Avoir des enfants, ça coûte cher. Surtout aux mères, qui s'en occupent plus. Quand des parents se séparent, les femmes devraient être dédommagées pour le temps qu'elles ont consacré à leur famille plutôt qu'à leur carrière, selon un comité d'experts. Oui, mais comment ?

LES COÛTS DE LA MATERNITÉ

Un enfant, ça n'a pas de prix, bien sûr. Mais sa naissance crée généralement un trou dans le compte en banque de ses géniteurs. Et ce trou se transforme souvent en abîme pour le parent qui met la pédale douce côté carrière pour consacrer plus de temps à la famille.

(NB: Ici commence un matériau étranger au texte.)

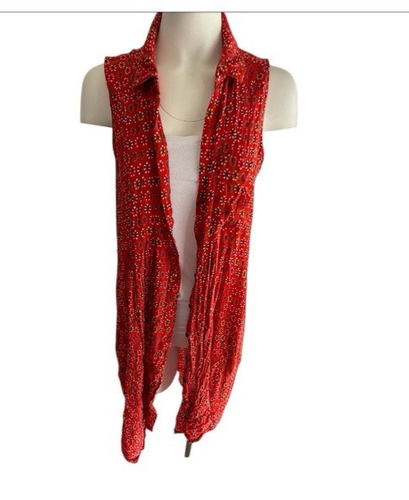 Anthropologie Maeve Daisy Midi Shirtdress Red size 14 Asymmetrical Hem - Picture 13 of 21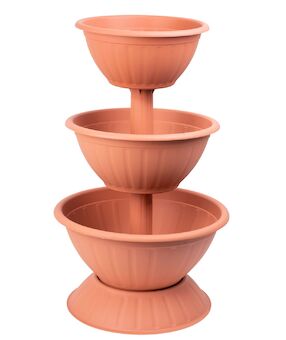 Strend Pro Garden 255535 Sázecí květináč PYRAMID, třípatrový, 79 cm, terakota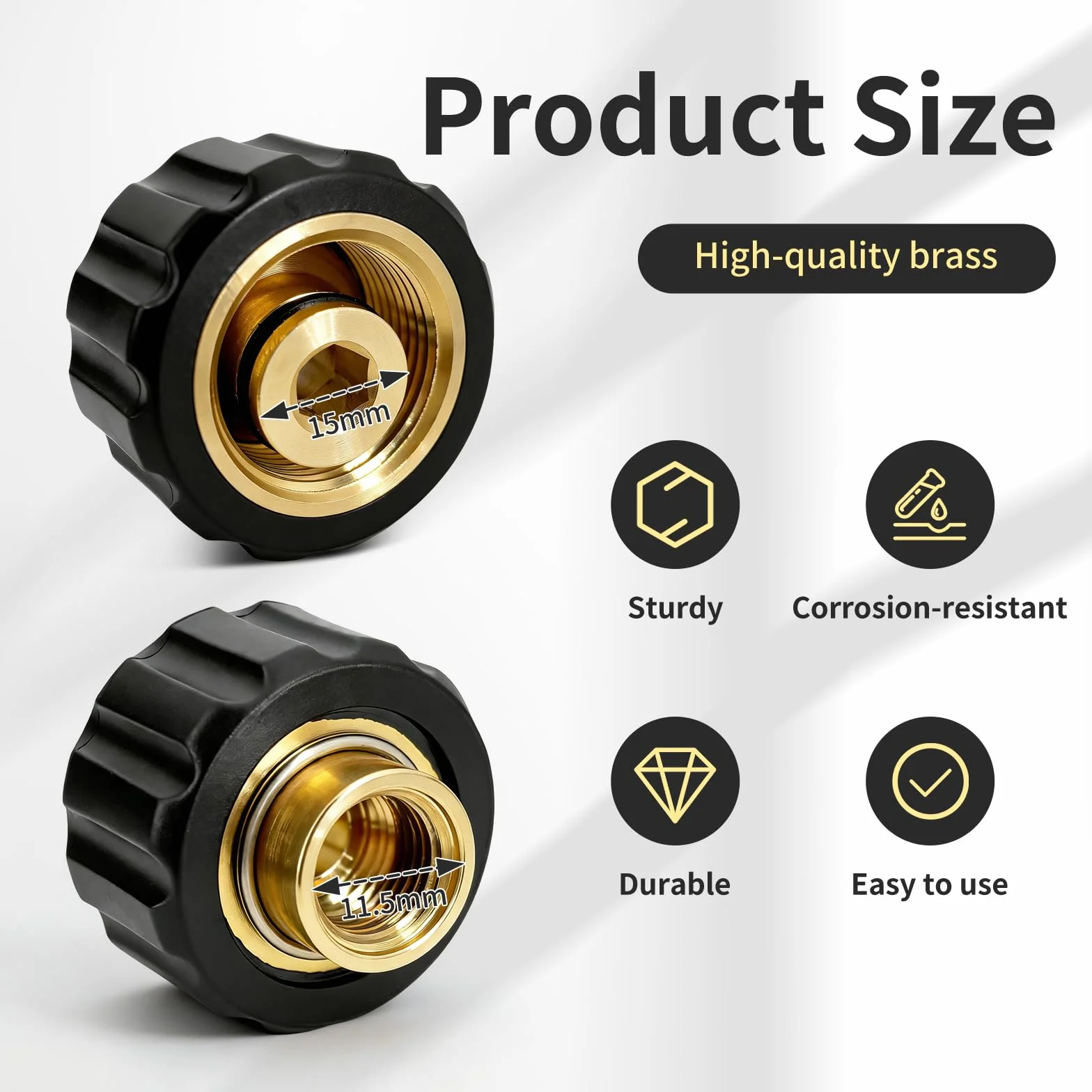 Adapter do myjki wysokociśnieniowej dla Kärcher M22x1,5 na 1/4" - Adapter gwintowany wewnętrzny M22x1,5 na 1/4" do podłączania myjki wysokociśnieniowej, Odpowiedny dla Kärcher, Kränzle, Nilfisk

En cas de rupture, celui qui a fait les frais de l'arrivée des enfants, généralement la mère, devrait recevoir une compensation de son conjoint pour ses pertes financières, selon la recommandation d'un comité d'experts chargé par Québec de moderniser le droit de la famille. Cette obligation s'appliquerait à tous les parents, mariés ou non, mais pas aux couples sans enfants.

« C'est nouveau de prendre l'enfant comme critère de qualification en droit de la famille, plutôt que la conjugalité [le couple] », souligne Alain Roy, professeur de droit à l'Université de Montréal, qui a présidé le Comité consultatif sur le droit de la famille. « Chacun a la responsabilité d'organiser sa relation conjugale comme il l'entend, mais à partir du moment où il y a un enfant, on ne peut plus parler seulement du couple. Il y a une nouvelle responsabilité parentale, et il est normal que les désavantages économiques qu'elle entraîne soient partagés équitablement. »

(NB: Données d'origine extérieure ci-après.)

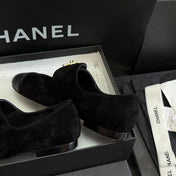 CHANEL 26S MARY JANE FLATS IN BLACK SUEDE AND CALFSKIN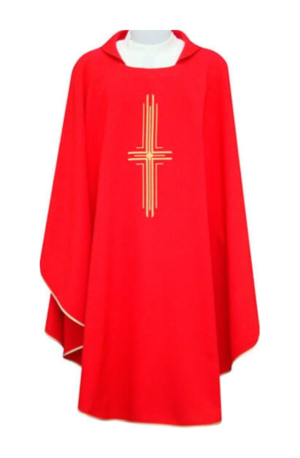 Casulla con cruz triple Bordada Rojo 59477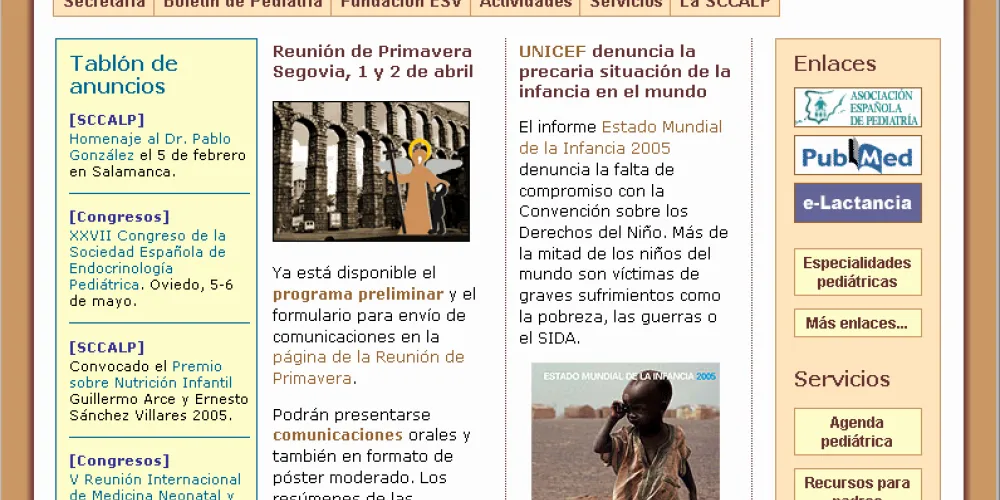 Página web de la SCCALP en enero de 2025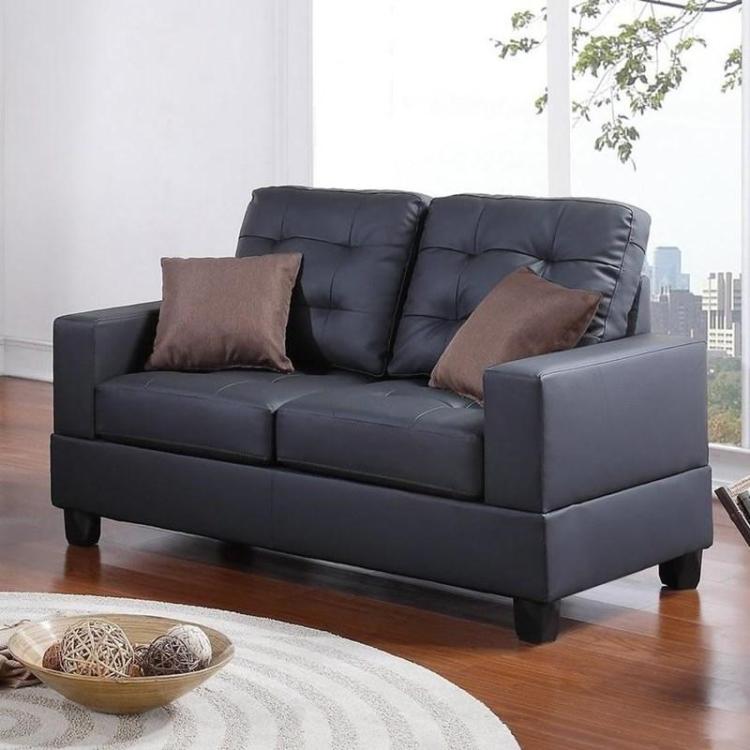 Living Room Furniture 2Pc Sofa Set Black Faux Leather Tufted Sofa Loveseat W Pillows Cushion Couch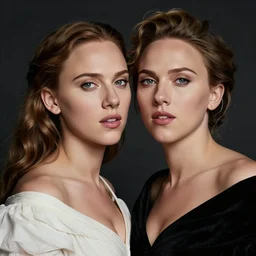 portrait of natalie portman and scarlet johansson, by albrecht durer, jean delville, jan van eyck, lord leighton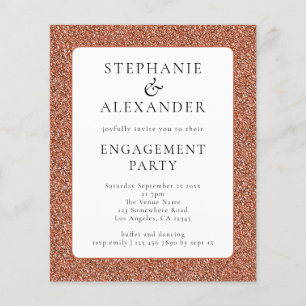 Budget Glitter Rose Gold White Engagement Party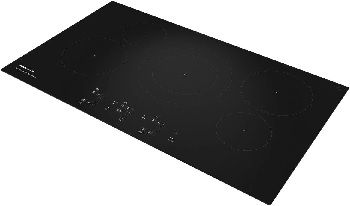 Overhead view of the KitchenAid KCIG556JBL 36” induction cooktop 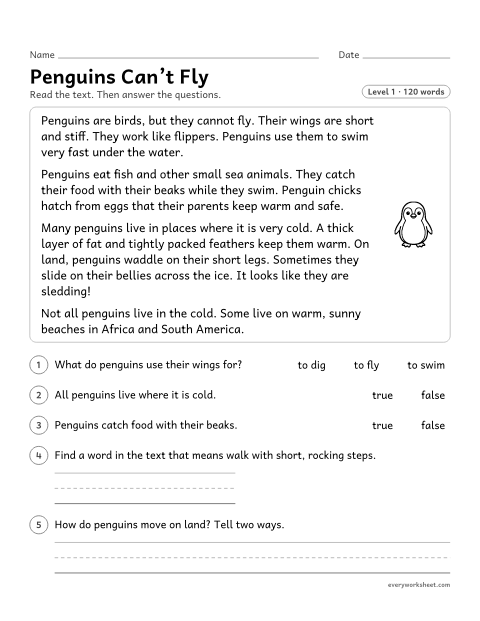 Preview of the printable “Penguins Can't fly” worksheet: answering questions about key details in a nonfiction text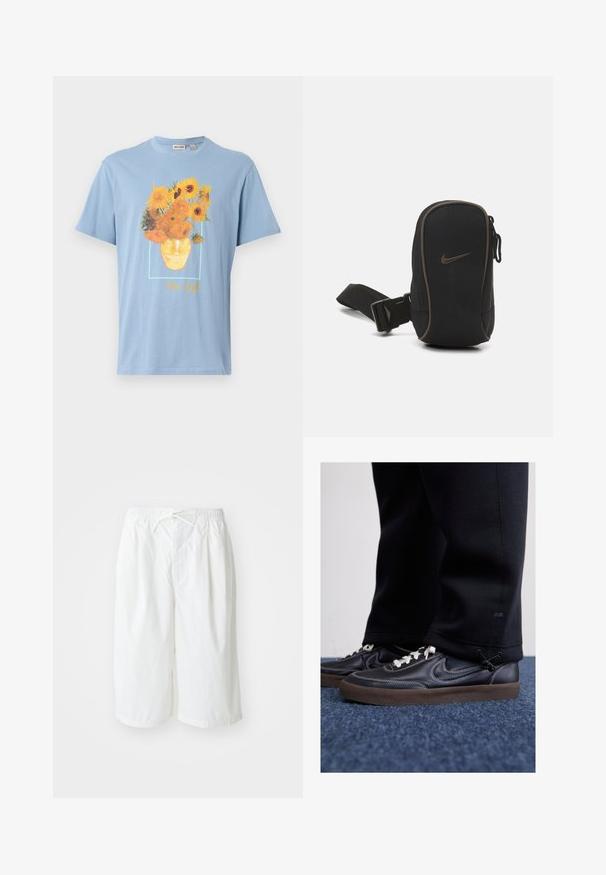 Ανοιχτό μπλε βαμβακερό T-shirt με έντονο σχέδιο ηλιοτροπίου σε διάφορα χρώματα, με το "Van Gogh" τυπωμένο σε χρυσό κάτω από το γραφικό.; Λευκές σορτς με ελαστική μέση και κορδόνι, παρουσιασμένες σε απλό φωτεινό φόντο. Κατάλληλες για casual ή ζεστό καιρό.; Nike Sportswear KILLSHOT 2 LTR PRM OPP2 - Αθλητικά παπούτσια - black sail baroque brown mtlc dk grey; Μαύρος σάκος Nike με φερμουάρ, υφασμάτινη υφή, καφέ λεπτομέρειες και αποσπώμενο λουράκι. Διαθέτει το χαρακτηριστικό λογότυπο της Nike μπροστά.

« Une mère qui passe deux ou trois ans à l'extérieur du marché du travail ne fait pas ça pour elle-même », observe l'économiste François Delorme, qui enseigne à l'Université de Sherbrooke. « Quand tu ne prends pas les précautions nécessaires pour te protéger en couple, ça n'a de conséquences que pour toi. Mais quand des enfants sont touchés, il doit y avoir un rééquilibrage. Le gouvernement doit être un peu paternaliste, dans l'intérêt de la société. »

L'idée d'une compensation pour celui qui s'investit le plus dans son rôle de parent n'existe nulle part ailleurs, selon les recherches. Si Québec adopte ce principe, il s'agirait d'une première mondiale.

La formule a essuyé de nombreuses critiques. Trop compliquée, irréaliste, ne tenant pas compte de la situation financière des jeunes familles... On peut reconnaître que la mère a subi des pertes financières, mais le père n'a pas nécessairement les moyens de la dédommager en conséquence.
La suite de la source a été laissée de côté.